TWIN FALLS, Idaho (KMVT/KSVT) - Twin Falls City Council approved the closure of intersection Eastland Drive and Falls Avenue in Monday night's meeting.
Eastland Drive and Falls Avenue intersection (KMVT/Elenee Dao)
Six of the seven council members approved the hard closure on that intersection for construction in the coming months. Chris Talkington voted no to the motion.
Staff Engineer Josh Baird said about 25,000 vehicles pass through that specific intersection everyday, so they went to council to ask for a hard closure of it.
The original design of construction would have taken about 15 weeks to complete the project in four different phases, keeping some lanes open for motorists.
However, Monday night, staff went to council with a proposal, discussing a closure for the first four weeks with detours for the intersection.
After the first four weeks, Eastland Drive North would reopen for travel, but Falls Avenue East would remain closed for another four weeks.
"Personally, I'm supportive of the quickest opportunity to complete the project and also understanding what we're doing there is a 40 year solution to improvements that is well needed," said Shawn Barigar, mayor.
The Eastland Drive-Falls Avenue intersection project will cost about $950,000.
Crews will be fully removing and reconstructing the intersection with concrete pavement.
The project will also extend a new section of about 200 feet from each direction from the intersection to enhance future city fiber infrastructure as well as making it a smooth drive for motorists.
They plan to start construction in August. Detours and more detailed time frames will come at a later date.
Another item on the agenda was the Twin Falls Archway Committee asking to change the design of the archway sign.
Members of the committee went before council to ask for a change in the material to construct the archway.
The design concept was approved in April 2017, approving two electronic signs, one facing each direction.

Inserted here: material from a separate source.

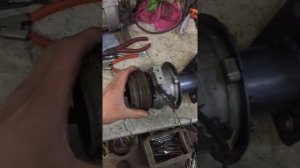 Стыковка насоса НШ и электромагнитная муфта кондиционера. Часть 2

The group asked council to change the material from a lava rock veneer to a steel called Core10, which they believe will be harder to climb and more difficult to vandalize.
Council unanimously approved the new material along with allowing it to go for bid.
Of the $300,000 goal, they have so far raised $176,000.
A city staff member said in the upcoming budget, they will have enough money to finish the fundraising, if approved.